A Camden's Baby Secret (8 page)

Read A Camden's Baby Secret Online

Authors: Victoria Pade

“She's pretty, too,” Livi said, confused by why she had such a need to push this with him. But she did. “Is she single? I've never heard her mention anyone.”

“Maeve says she is—I think it was some kind of hint that I should take a look or something.” More ambiguity.

“But you didn't?”

“Nah,” he said, as if he couldn't give it a second thought.

And yet Livi was still compelled to test. “I was thinking that I might fix her up. I know a few single men she might like...”

“Just don't get her all wrapped up in some new romance until I can spare her around here.”

The fact that he was so focused on Kinsey's work—and nothing else about the pretty nurse—made Livi feel worlds better as she went into the dining room to wipe down the table.

When she returned to the kitchen, Callan had that finished, too, and after rinsing the sponge she'd used and handing it to him to put away, it occurred to her that there was nothing more holding her there.

“I should probably get going, too,” she said.

“There's no rush...”

Because he wanted her to stay or because he was being polite?

It didn't matter, she told herself. She'd come to welcome Greta, she'd pitched in out of good manners and now it was time to go.

Like it or not...

“It's been a long day,” she replied, repeating what she'd said earlier to Kinsey. “For you, too.”

“I'm fine,” he insisted.

So maybe he wasn't just being polite?

It was satisfying to think that he wanted her to stay—and tempting, too—but she thought better of it and didn't give in to the inclination to.

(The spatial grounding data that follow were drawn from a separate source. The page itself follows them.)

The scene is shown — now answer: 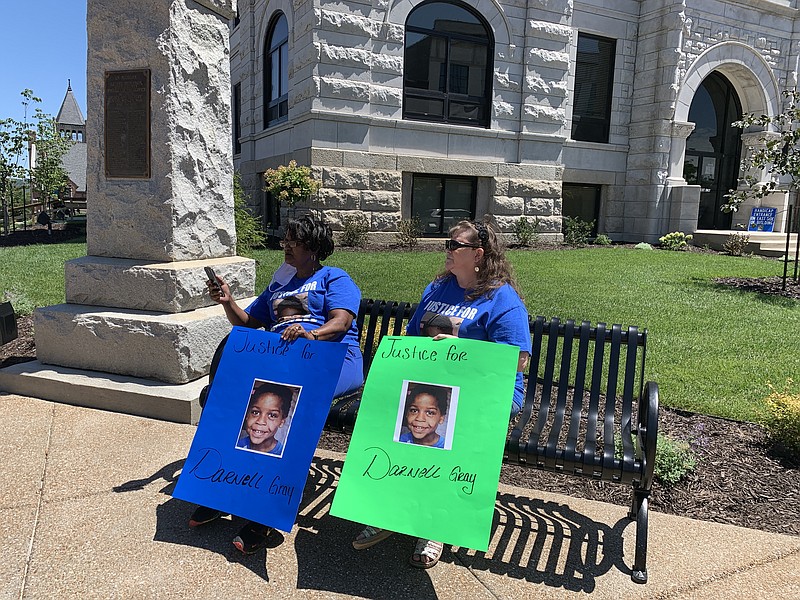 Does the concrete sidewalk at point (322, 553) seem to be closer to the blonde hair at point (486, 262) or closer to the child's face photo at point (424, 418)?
the child's face photo at point (424, 418)

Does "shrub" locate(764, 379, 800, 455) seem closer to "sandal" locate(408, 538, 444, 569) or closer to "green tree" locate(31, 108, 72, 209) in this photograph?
"sandal" locate(408, 538, 444, 569)

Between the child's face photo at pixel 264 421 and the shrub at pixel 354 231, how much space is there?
36.8ft

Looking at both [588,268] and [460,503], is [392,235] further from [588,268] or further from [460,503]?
[460,503]

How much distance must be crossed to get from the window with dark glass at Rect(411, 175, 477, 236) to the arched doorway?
28.4 feet

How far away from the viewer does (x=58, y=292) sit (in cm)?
827

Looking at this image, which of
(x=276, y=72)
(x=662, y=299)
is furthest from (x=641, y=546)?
(x=276, y=72)

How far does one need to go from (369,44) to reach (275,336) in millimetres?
12422

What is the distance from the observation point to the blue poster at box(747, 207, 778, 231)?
17.5m

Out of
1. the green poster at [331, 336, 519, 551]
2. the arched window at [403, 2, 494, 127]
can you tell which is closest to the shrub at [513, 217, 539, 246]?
the arched window at [403, 2, 494, 127]

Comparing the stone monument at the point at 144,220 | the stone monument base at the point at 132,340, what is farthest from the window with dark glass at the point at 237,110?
the stone monument base at the point at 132,340

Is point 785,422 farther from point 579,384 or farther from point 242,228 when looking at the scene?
point 242,228

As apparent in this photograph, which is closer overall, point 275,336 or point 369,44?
point 275,336

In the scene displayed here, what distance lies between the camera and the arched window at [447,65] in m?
15.1

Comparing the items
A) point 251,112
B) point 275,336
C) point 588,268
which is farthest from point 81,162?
point 275,336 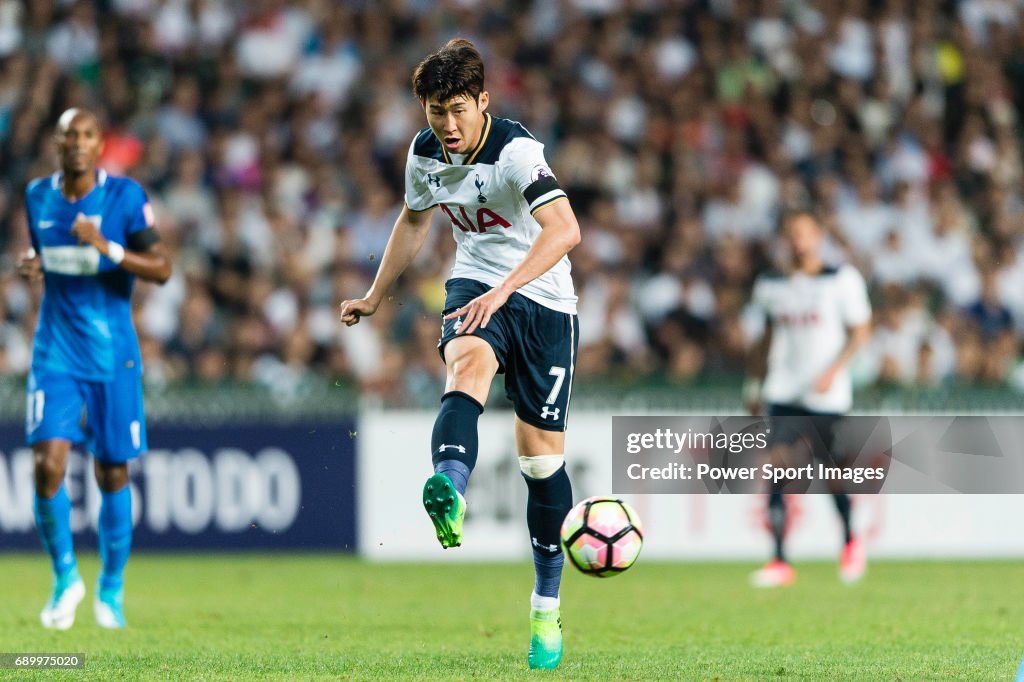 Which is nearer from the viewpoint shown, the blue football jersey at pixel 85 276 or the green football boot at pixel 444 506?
the green football boot at pixel 444 506

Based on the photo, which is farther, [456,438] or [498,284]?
[498,284]

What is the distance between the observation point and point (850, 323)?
12.2 metres

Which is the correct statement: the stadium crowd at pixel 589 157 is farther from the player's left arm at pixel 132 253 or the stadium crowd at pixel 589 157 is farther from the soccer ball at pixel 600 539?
the soccer ball at pixel 600 539

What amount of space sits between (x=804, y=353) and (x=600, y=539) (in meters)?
6.12

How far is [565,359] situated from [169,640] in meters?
2.63

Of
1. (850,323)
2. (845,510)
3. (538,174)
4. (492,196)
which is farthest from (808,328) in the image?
(538,174)

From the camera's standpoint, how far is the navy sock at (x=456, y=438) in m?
6.29

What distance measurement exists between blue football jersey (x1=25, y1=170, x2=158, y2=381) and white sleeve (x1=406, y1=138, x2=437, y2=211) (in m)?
2.15

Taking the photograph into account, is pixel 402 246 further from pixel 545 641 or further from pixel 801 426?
pixel 801 426

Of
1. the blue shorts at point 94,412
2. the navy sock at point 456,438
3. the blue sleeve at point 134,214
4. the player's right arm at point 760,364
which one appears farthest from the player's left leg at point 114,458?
the player's right arm at point 760,364

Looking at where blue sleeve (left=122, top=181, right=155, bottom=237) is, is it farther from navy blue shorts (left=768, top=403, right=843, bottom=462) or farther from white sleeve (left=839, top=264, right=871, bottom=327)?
white sleeve (left=839, top=264, right=871, bottom=327)

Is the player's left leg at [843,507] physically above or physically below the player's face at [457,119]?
below

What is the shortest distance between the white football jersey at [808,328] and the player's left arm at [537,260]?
613 cm

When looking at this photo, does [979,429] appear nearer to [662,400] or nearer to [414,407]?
[662,400]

“I really should get going.”

“I'll walk you down to your car then,” he said. “The parking garage is pretty secure, but I'm still not crazy about the idea of a woman down there alone at night.”

Livi didn't point out that he'd just let Kinsey leave alone, because she didn't want to admit to herself that she didn't hate the prospect of him escorting her to her car.

And she also didn't want to encourage him to start being more attentive to Kinsey.

So she just picked up her purse and put on her jacket.

Callan opened the door for her and they stepped across the hall to the elevator that brought them down to the basement level, where she'd been directed to park.

“The dolls and stuffed animals were a big hit. Thanks for doing that for Greta,” Callan said along the way.

“I'm just glad she liked them all. I wasn't sure what she might already have, so I went into the toy department in our store on Colorado Boulevard and asked for the newest arrivals that sales figures indicate are trending for her age group.”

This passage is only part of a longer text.